Excluding pictures, what does the listing below contain from the line with "Slide: The Image" up to and including the line with "Woman happily unboxing", word for word?

----- RECORDS SUPPLIED -----

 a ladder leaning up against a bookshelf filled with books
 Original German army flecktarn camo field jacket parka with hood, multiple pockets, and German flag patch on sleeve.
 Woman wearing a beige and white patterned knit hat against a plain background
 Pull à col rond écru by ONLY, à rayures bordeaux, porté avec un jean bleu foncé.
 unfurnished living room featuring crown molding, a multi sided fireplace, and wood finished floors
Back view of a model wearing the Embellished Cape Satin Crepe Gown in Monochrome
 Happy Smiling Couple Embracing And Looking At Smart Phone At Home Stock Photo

-----
----- RECORDS SUPPLIED -----

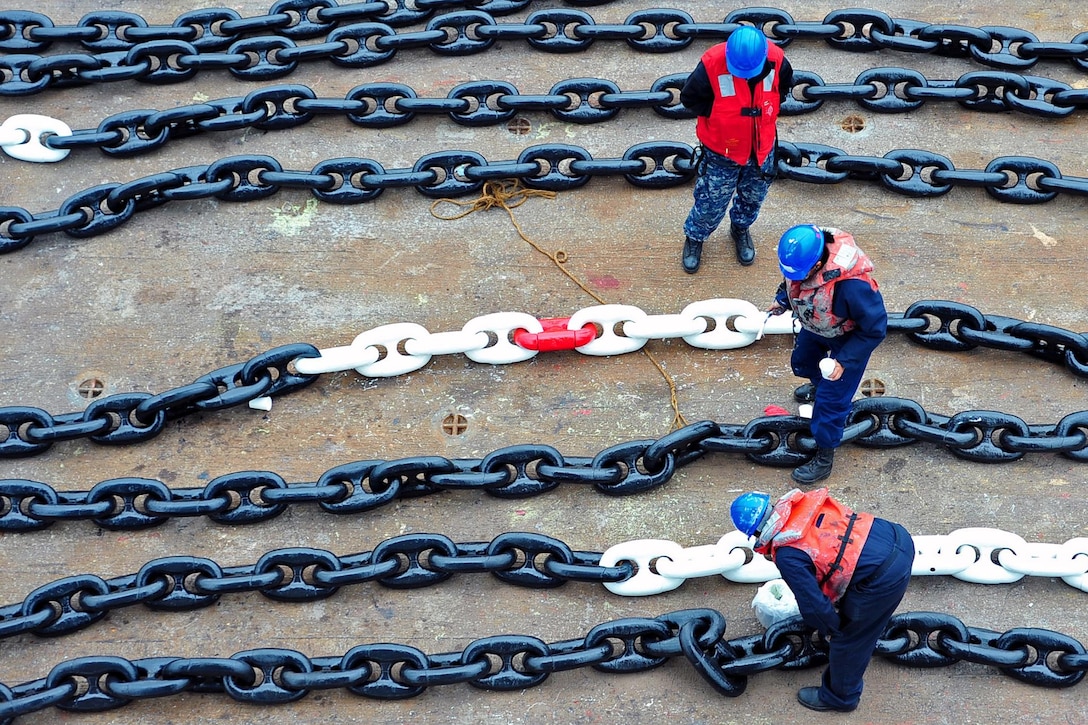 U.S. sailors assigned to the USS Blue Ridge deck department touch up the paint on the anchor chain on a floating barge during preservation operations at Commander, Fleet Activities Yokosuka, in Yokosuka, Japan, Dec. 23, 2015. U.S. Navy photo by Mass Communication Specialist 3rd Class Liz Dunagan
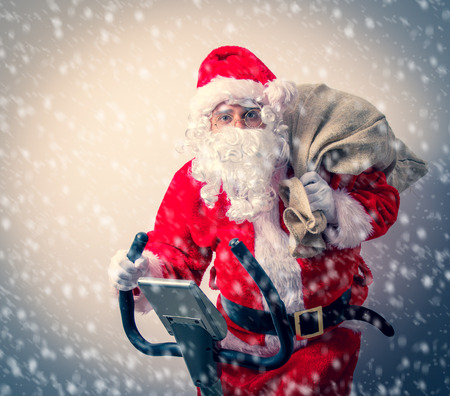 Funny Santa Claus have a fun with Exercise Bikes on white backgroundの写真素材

-----
----- RECORDS SUPPLIED -----

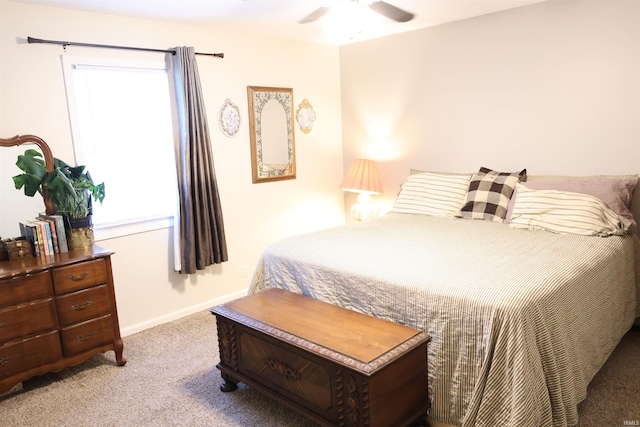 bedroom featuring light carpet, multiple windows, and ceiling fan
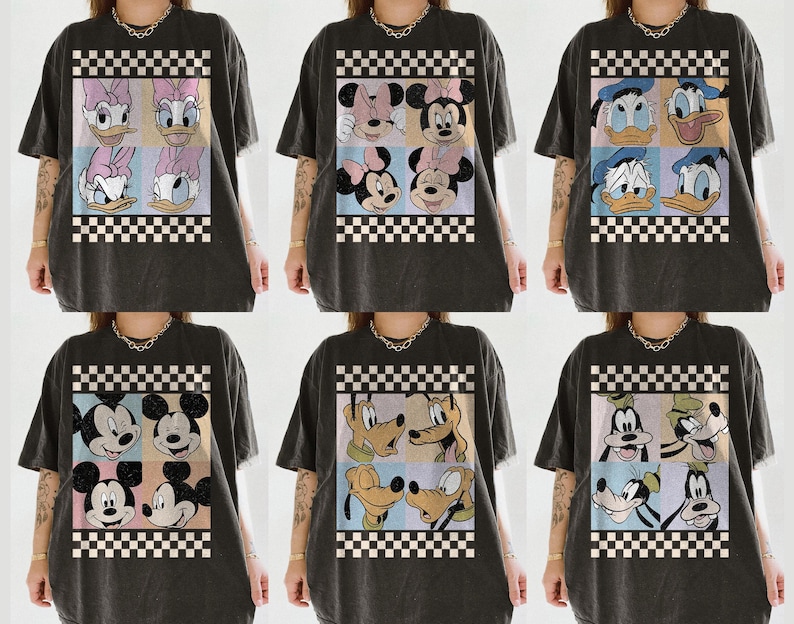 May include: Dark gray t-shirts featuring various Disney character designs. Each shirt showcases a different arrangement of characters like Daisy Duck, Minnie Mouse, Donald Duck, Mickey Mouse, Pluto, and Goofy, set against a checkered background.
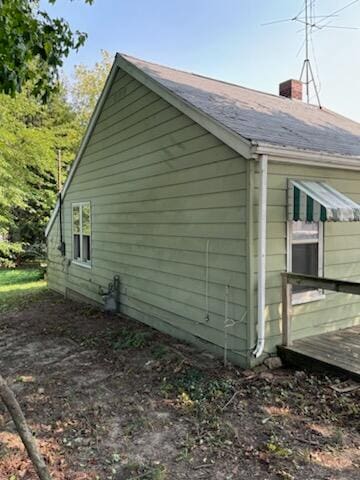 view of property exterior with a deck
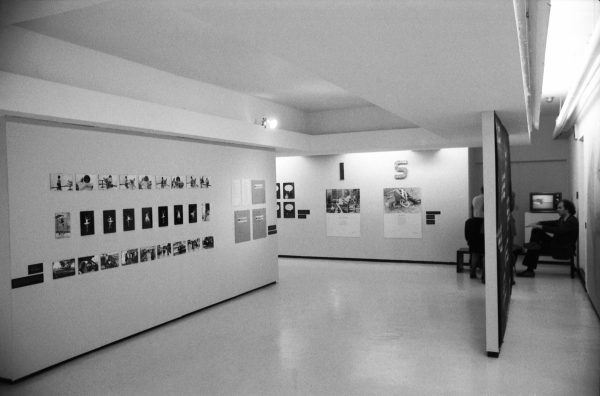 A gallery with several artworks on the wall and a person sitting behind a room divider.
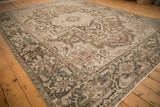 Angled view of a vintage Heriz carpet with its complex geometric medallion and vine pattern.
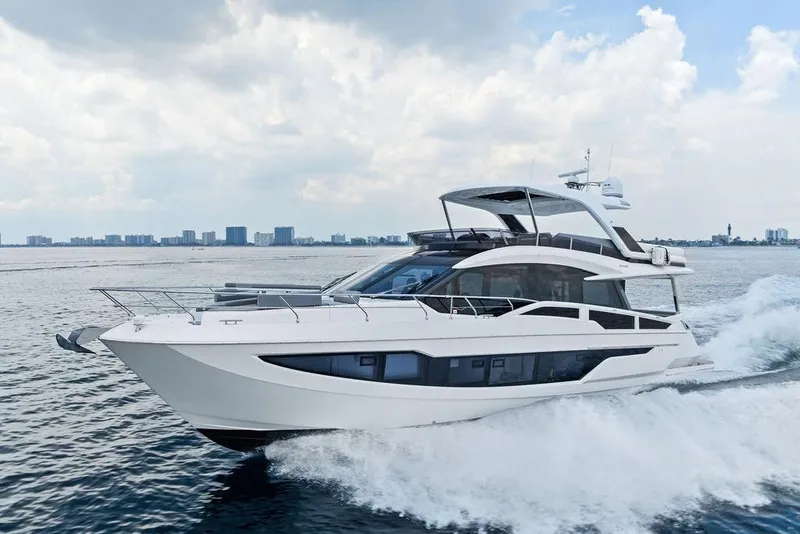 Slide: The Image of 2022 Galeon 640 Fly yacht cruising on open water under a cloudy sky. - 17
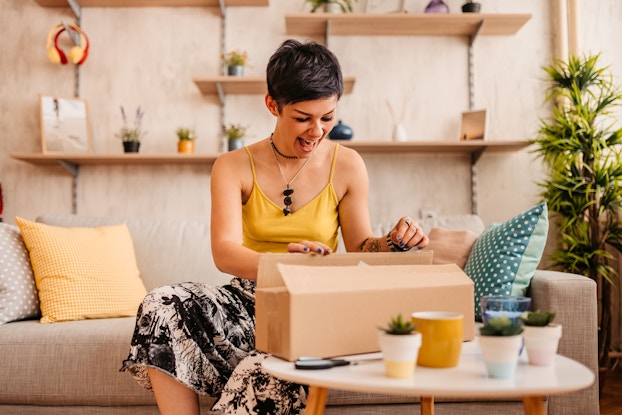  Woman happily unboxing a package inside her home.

-----

[EXERCISE SOLUTION]
 Slide: The Image of 2022 Galeon 640 Fly yacht cruising on open water under a cloudy sky. - 17
  Woman happily unboxing a package inside her home.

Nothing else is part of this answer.